From the entries below, print exactly the span beginning with the line holding "Andreas Lengsfeld ist" and ending with the line holding "Reconocido especialista expuso", endpoints included, and skip any pictures.

Data to examine:
*** Begin section ***

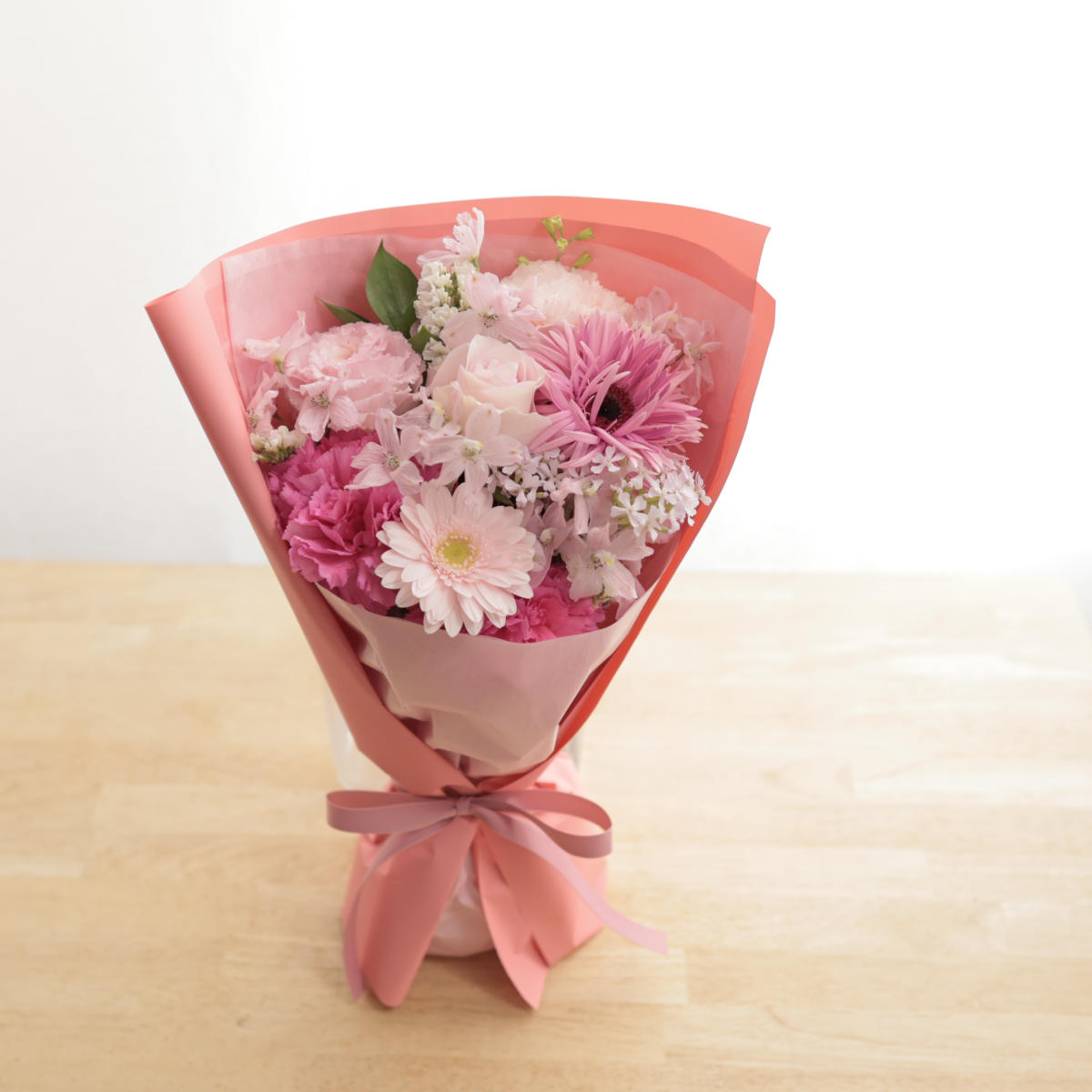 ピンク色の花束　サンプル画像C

*** End section ***
*** Begin section ***

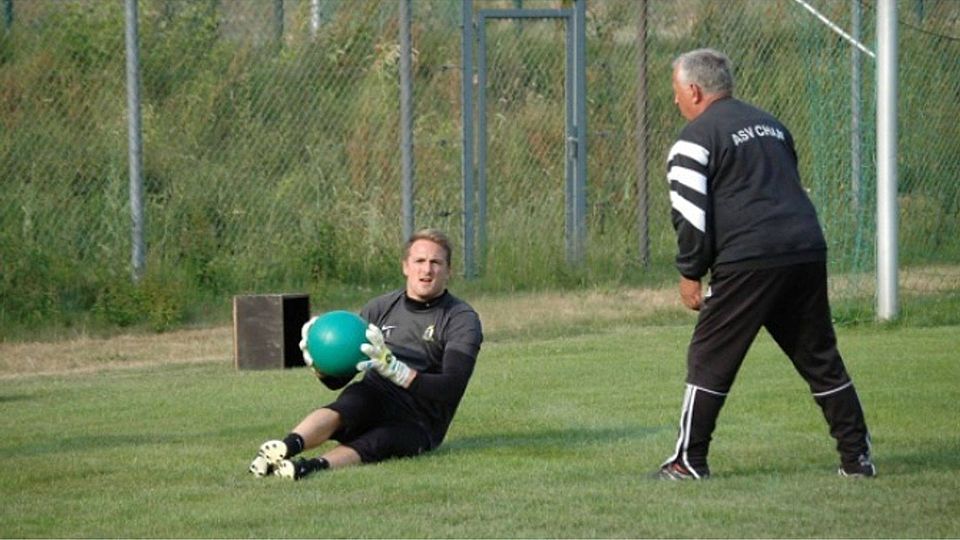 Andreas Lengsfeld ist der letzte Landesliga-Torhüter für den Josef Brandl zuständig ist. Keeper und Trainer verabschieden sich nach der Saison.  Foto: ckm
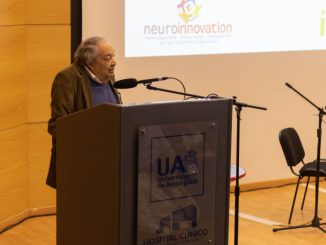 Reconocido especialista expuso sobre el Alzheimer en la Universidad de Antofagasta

*** End section ***

Answer for this exercise:
 Andreas Lengsfeld ist der letzte Landesliga-Torhüter für den Josef Brandl zuständig ist. Keeper und Trainer verabschieden sich nach der Saison.  Foto: ckm
 Reconocido especialista expuso sobre el Alzheimer en la Universidad de Antofagasta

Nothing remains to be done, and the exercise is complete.